*EXERCISE*
Give all of the data again exactly as written, omitting every image.

*Dataset excerpts*
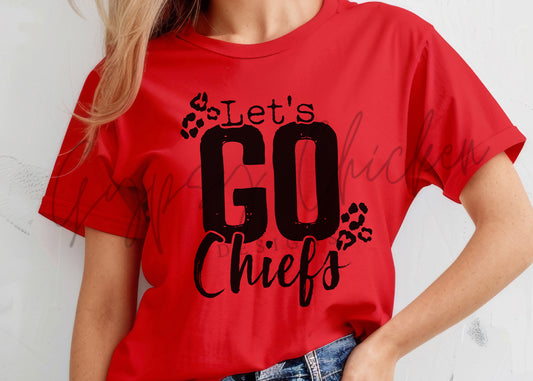 Let's Go Chiefs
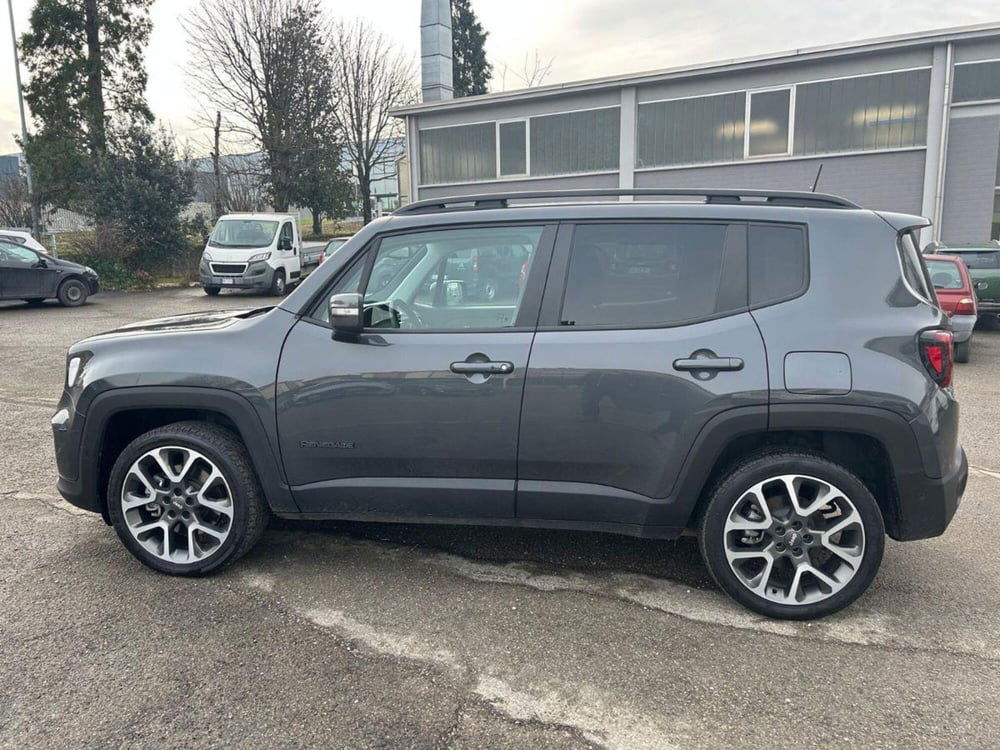 Jeep Renegade usata a Reggio Emilia (4)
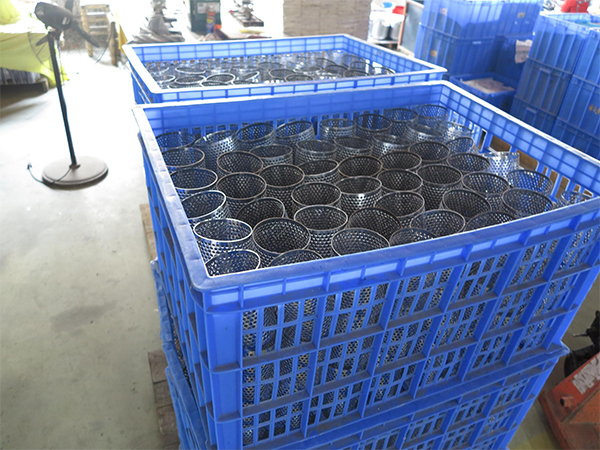 Production Workshop (Area)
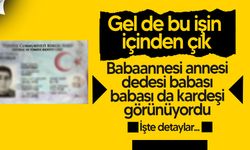 Türkiye'de bir şahsın kimlik karmaşası DNA testiyle çözüldü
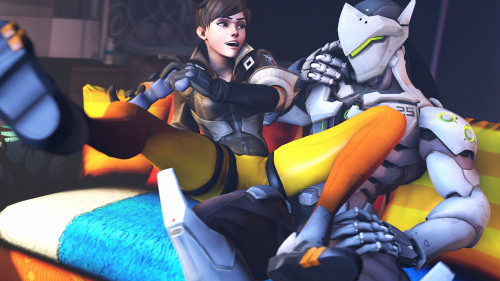 http://hentai0verload.tumblr.com/post/145830165722/cute-tracer-x-genji-images-by-chiptooth-nice-buttsÂ inspired by this.12345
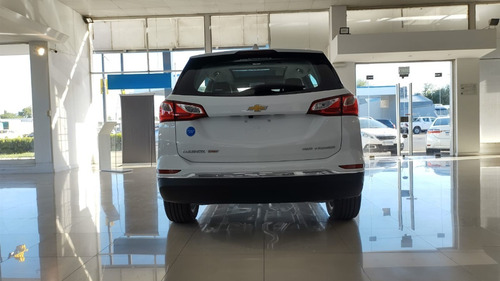 Imagen 4 de 15 de Chevrolet Equinox 1.5 Nafta Turbo Premier Automatica 0km.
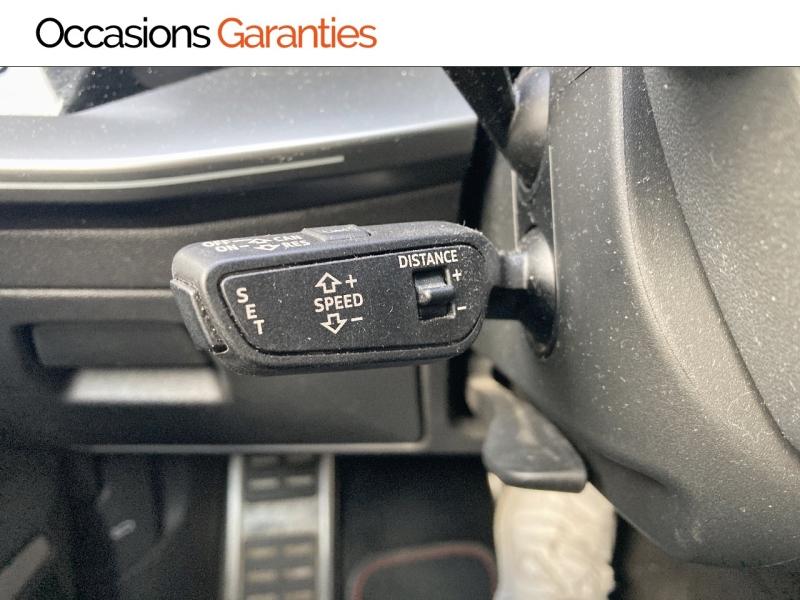 Voitures occasions Audi A3 Berline S line Bruay-la-Buissière
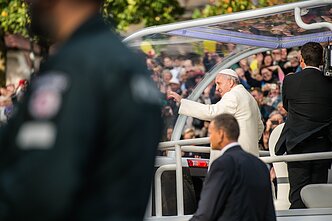 Popiežius Pranciškus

*EXERCISE OUTPUT*
 Let's Go Chiefs
 Jeep Renegade usata a Reggio Emilia (4)
 Production Workshop (Area)
 Türkiye'de bir şahsın kimlik karmaşası DNA testiyle çözüldü
 http://hentai0verload.tumblr.com/post/145830165722/cute-tracer-x-genji-images-by-chiptooth-nice-buttsÂ inspired by this.12345
 Imagen 4 de 15 de Chevrolet Equinox 1.5 Nafta Turbo Premier Automatica 0km.
 Voitures occasions Audi A3 Berline S line Bruay-la-Buissière
 Popiežius Pranciškus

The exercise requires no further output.